The reforms will be introduced under the Enterprise and Regulatory Reform Bill, which is currently before Parliament. The government intends for the reforms to be enacted by October 2013. 


The measures include:



  • A binding vote on pay policy, requiring the support of a majority of shareholders voting to pass. The policy should clearly set out how pay supports the strategic objectives of the company and include better information on how directors’ pay compares to the wider workforce.
  • The binding vote will be held annually unless companies choose to leave their remuneration policy unchanged, in which case it will be compulsory at least every three years. For the first time, once a policy is approved, companies will not be able to make payments outside its scope.
  • If a company chooses to change its pay policy, it will have to put it before shareholders for re-approval. This will encourage companies to devise long-term policies and put a brake on annual pay ratcheting.
  • As part of their pay policy, companies will have to clearly explain their approach to exit payments, which will also be subject to the binding vote. When a director leaves, the company will have to promptly publish a statement of payments the director has received.
  • Companies will not be able to pay exiting directors more than shareholders have agreed. Alongside the binding vote on policy, shareholders will continue to have an annual advisory vote on how pay policy was implemented in the previous year, including actual sums paid to directors. If a company fails the advisory vote, it will be required to put its overall pay policy back to shareholders in a binding vote the following year.
  • In addition, the Financial Reporting Council will consult on updating the Corporate Governance Code so that companies should make a statement when a significant minority of shareholders vote against a pay resolution.
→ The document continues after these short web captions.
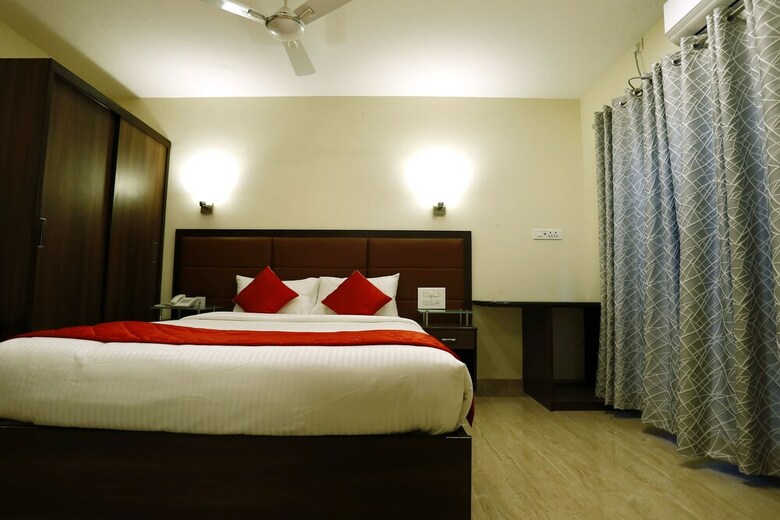 Breeze Suites Transit Hotel
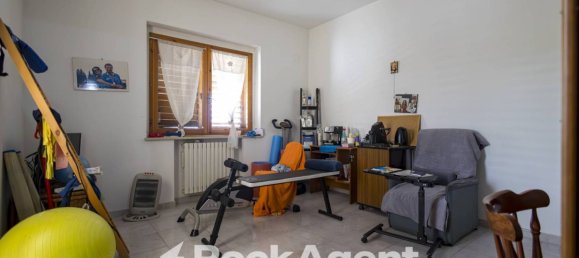 5 Schlafzimmer Villa in Soverato, Italy, Nr. 291247 19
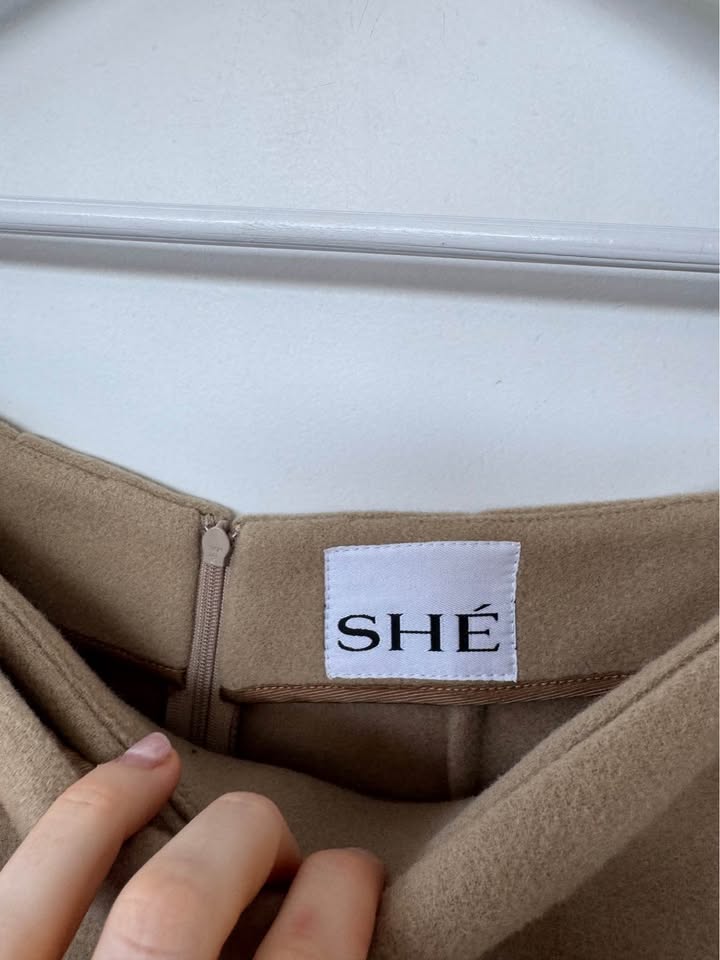 She Jacket & Skort Set - size 8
    Companies will have to report a single figure for the total pay their directors received for the year. This figure will cover all rewards received by directors, including bonuses and long-term incentives. Companies will also have to report details of whether they met performance measures and a comparison between company performance and chief executives’ pay. 



    Cable said:
“At a time when the global economy remains fragile, it is neither sustainable nor justifiable to see directors’ pay rising at 10% a year, while the performance of listed companies lags behind and many employees are having their pay cut or frozen.

    “In January we kicked off a national debate aimed at encouraging shareholders to become more actively engaged as company owners in better aligning directors’ pay with performance. I have been greatly encouraged by the ‘shareholder spring’ and I want to see that momentum sustained. That is why I am bringing forward legislation to strengthen the powers of shareholders through a binding vote on pay.”
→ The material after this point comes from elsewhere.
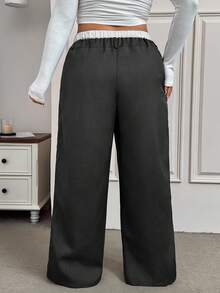 SHEIN EZwear Plus Size Women's Contrast Color Zipper Front Pockets Pleated Wide Leg Suit Pants - Black - View 2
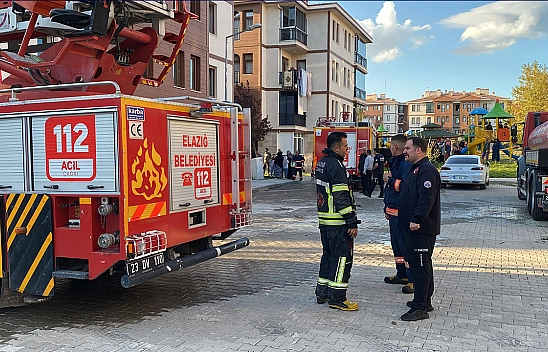 Elazığ'da apartman dairesinde yangın çıktı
    Christopher Johnson, UK head of Mercer’s human capital business, said: “By making the binding vote on the remuneration policy effective for three years, some of the difficulties we foresaw will be mitigated - in particular returning to shareholders with amended proposals in the event of a negative vote.

    “Current levels and approaches to executive pay reflect a market failure. We understand the government’s focus on investor responsibilities but we believe that board effectiveness is equally important and would like to see the government and companies put a greater focus on this area.”

    “We are concerned that the new requirements may restrict companies’ ability to adapt their reward offerings to reflect changing business environments and markets for talent. However, a triennial binding vote should encourage companies to adopt a longer term and transparent approach to their executives’ pay.”